Blog Post

Azure Synapse Analytics Blog
2 MIN READ

Serverless Architecture and Concepts. What is it?

Liliam_C_Leme's avatar
Liliam_C_Leme
Icon for Microsoft rankMicrosoft
Jan 22, 2021

I needed to go through this subject this week so I thought that would be a good opportunity to share SQL Serverless Architecture concepts.

 

1) What is the difference between SQLOD and the former SQLDW?

 

SQL Serverless or SQL On-demand

  • Grow or shrink compute power, within a dedicated SQL pool, without moving data.
  • Pause compute capacity while leaving data intact, so you only pay for storage.
  • Resume compute capacity during operational hours.

SQL DW you can actually pause and resume. You insert, update and delete. You have storage with your data which SQLDW is held responsible.

 

What is SQLOD?

SQLOD is a query service over the data in your data lake. You do not need to pause or resume. It is a service per comsumption or per demand. The service is resilient to failure and elastic.

Note: Serverless SQL pool has no local storage, only metadata objects are stored in databases. Basically is for reading, only.

 

What it means resilient to failures and elastic?

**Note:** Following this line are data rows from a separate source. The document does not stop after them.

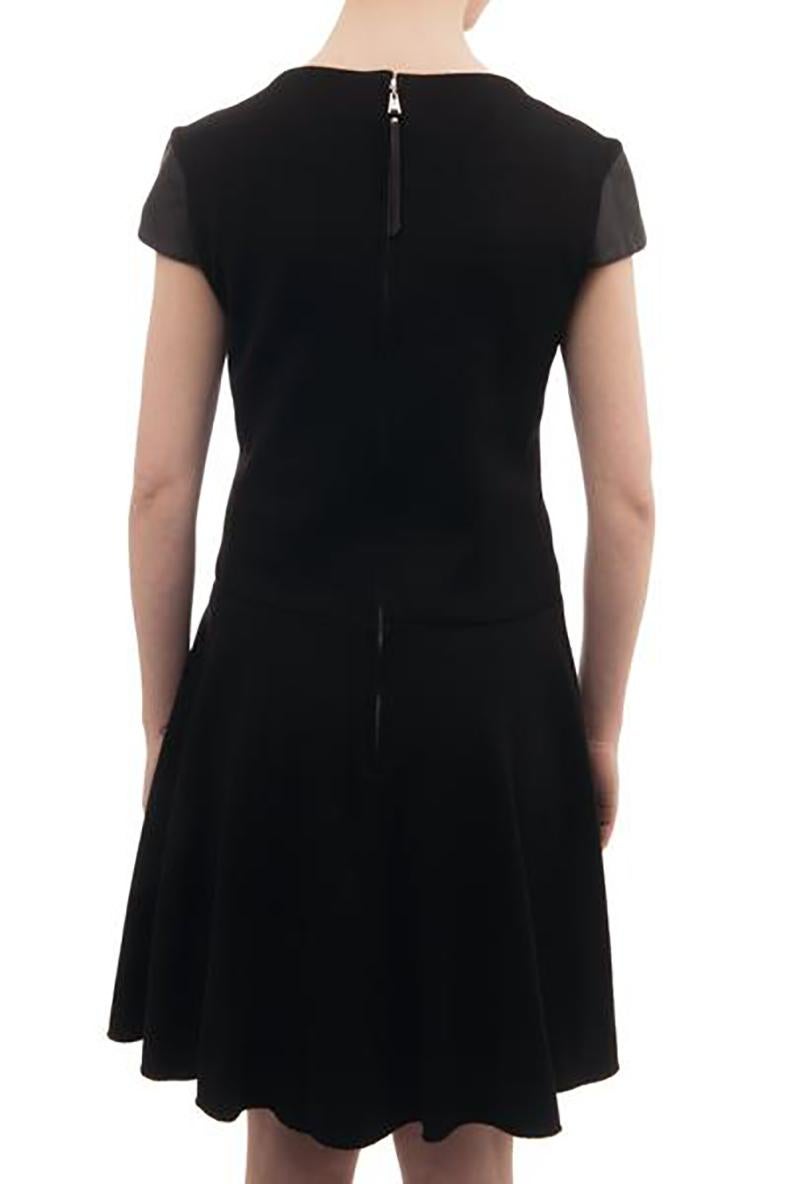 Women's Louis Vuitton Black Wool Knit Jersey Dress with Leather Cap Sleeves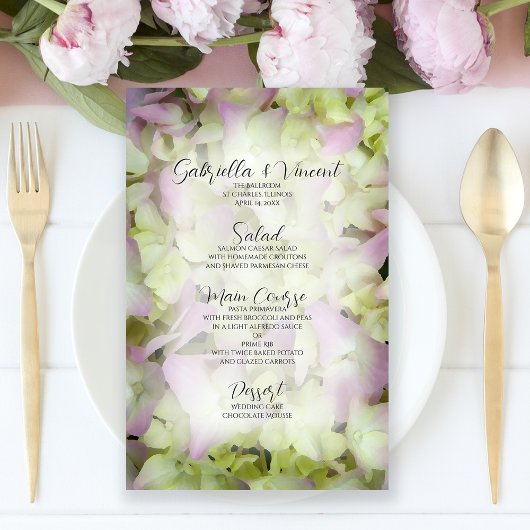 Bijna het Pink Hydrangea Flowers Weddenschap Menu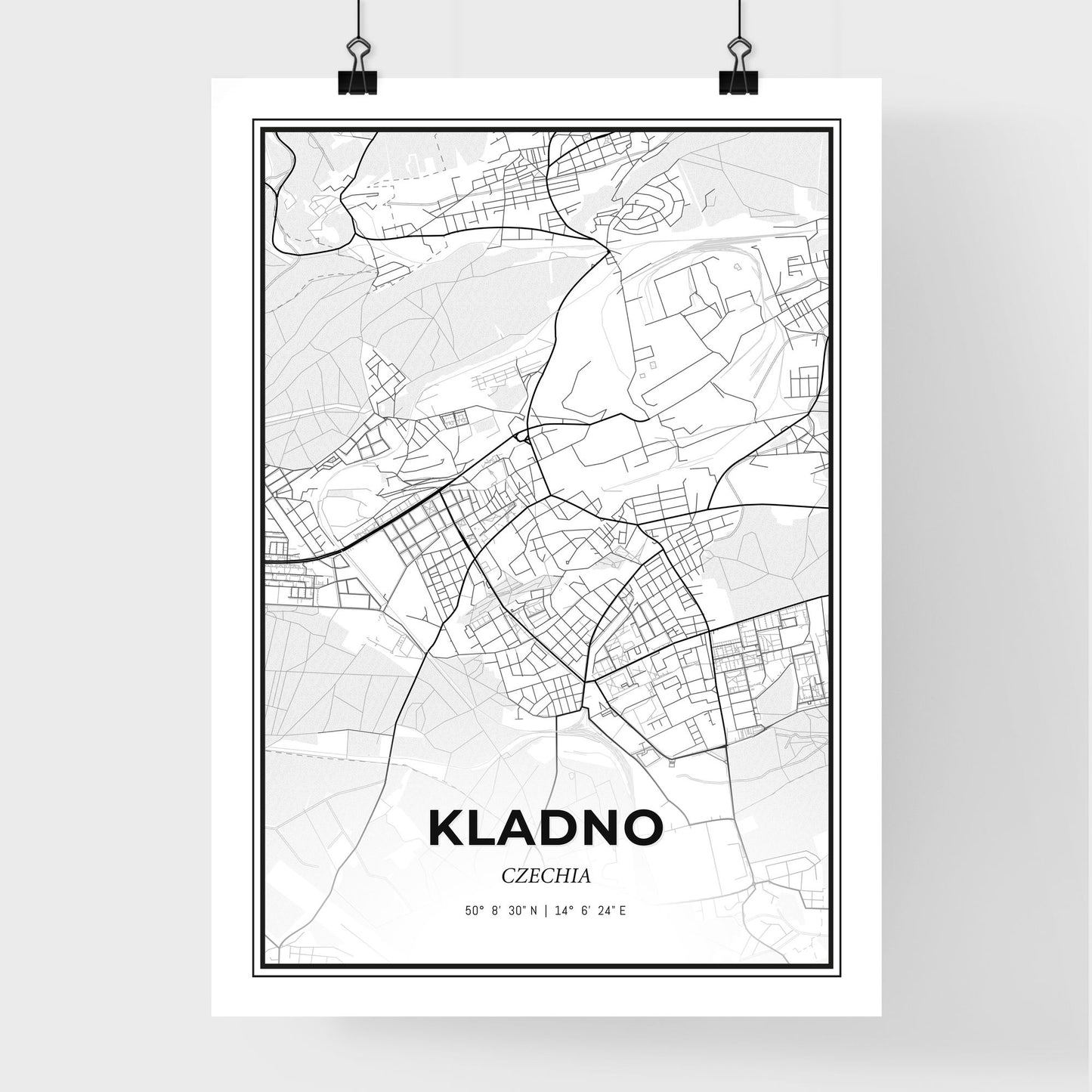  Kladno Czechia - Premium City Map Poster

It means it auto-scale the node's resources if required by the engine while querying your file and it means also if there is any failure in any node it recovers without any user intervention.

 

 

What is supported on Serverless?

Supported T-SQL:

  • Full SELECT surface area is supported, including a majority of SQL functions
  • CETAS - CREATE EXTERNAL TABLE AS SELECT
  • DDL statements related to views and security only

How does it work?

  • DQP or Distributed Query Processing.
  • Compute Node

 

DQP is responsible per optimize and orchestrate distributed execution of user queries by splitting them into smaller queries that will be executed on Compute nodes.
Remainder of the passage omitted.